Donde o caos que se instaurou na Terra e
infernizou a vida de 2,7 bilhões de pessoas, dizem, não me afetou.
Nem a mim nem aos 5,1 bilhões que também não usam esses apetrechos —soube por
informações de cocheira que o mundo, naquele dia, tinha 7,8 bilhões e quebrados
de habitantes. Eis uma ideia que me reconforta: a de que não estou sozinho no
atraso.
Imagino que muitos dos 5,1 bilhões ainda
carentes desses dispositivos não tenham escolha. Devem ser pessoas no mais
triste patamar da escala, como os refugiados afegãos, os imigrantes haitianos e
os brasileiros que brigam por ossos nos lixões. Nessas condições, nem lhes
passa pela cabeça possuir um smartphone. No meu caso, é uma opção mesmo, e por
bom motivo: tenho medo de ficar dependente.

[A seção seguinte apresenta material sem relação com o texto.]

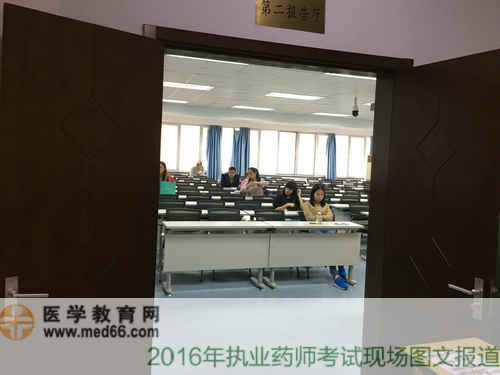 執(zhí)業(yè)藥師考試即將開始開始，考生陸續(xù)進(jìn)場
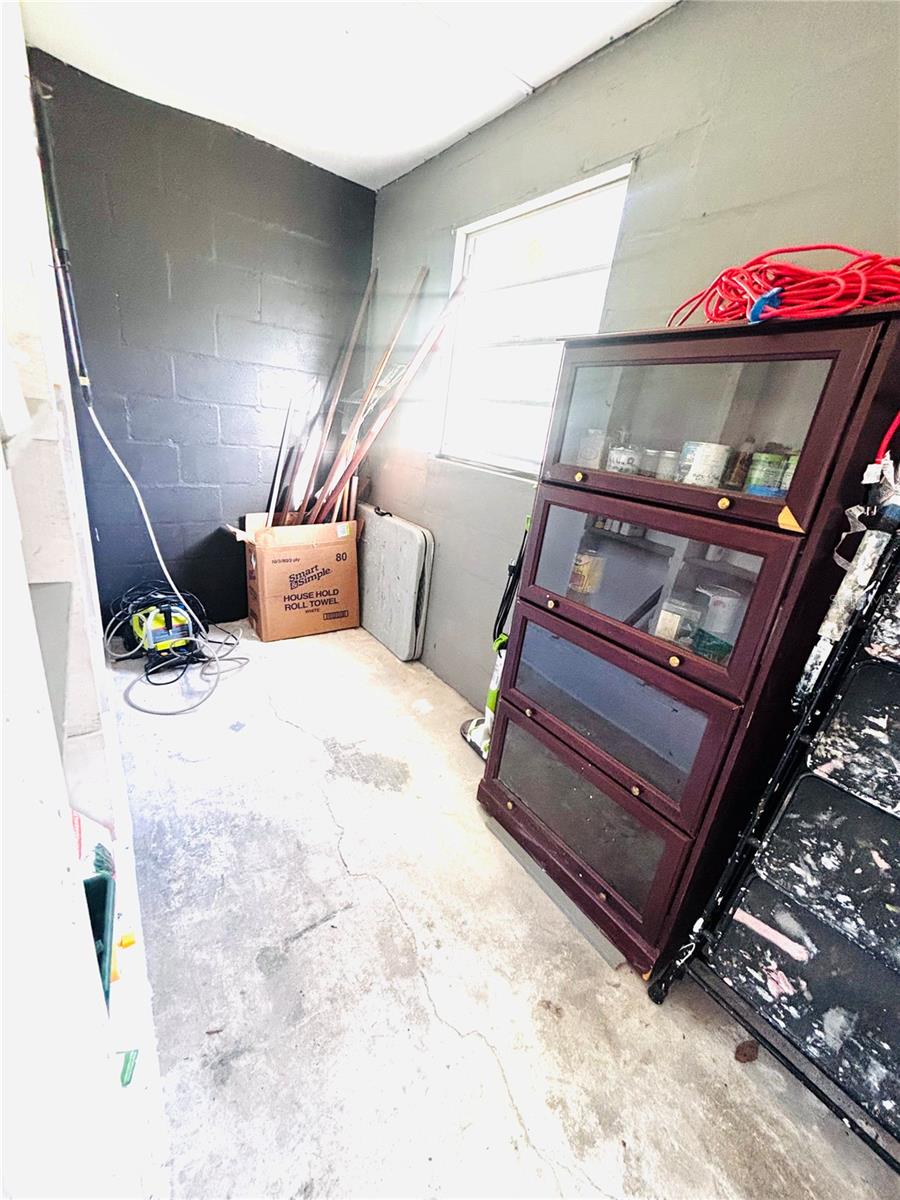 Image 31 of 38 For 34723 Missionary Road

Já fui dependente de outros produtos e sei
como acontece. É algo de que, pelo uso continuado, torna-se fisicamente
impossível passar sem, mesmo ante a perspectiva da morte. Talvez a agonia de
não se poder ficar cinco minutos sem o Facebook não leve à morte física, mas
mata algo também fundamental: a capacidade de exercer a sua vontade.
“Ferramentas” hoje cômicas como o telefone,
o email e até o torpedo ainda me oferecem toda a comunicação de que preciso. Se
Joe Biden quiser falar comigo, terá de ser por uma delas.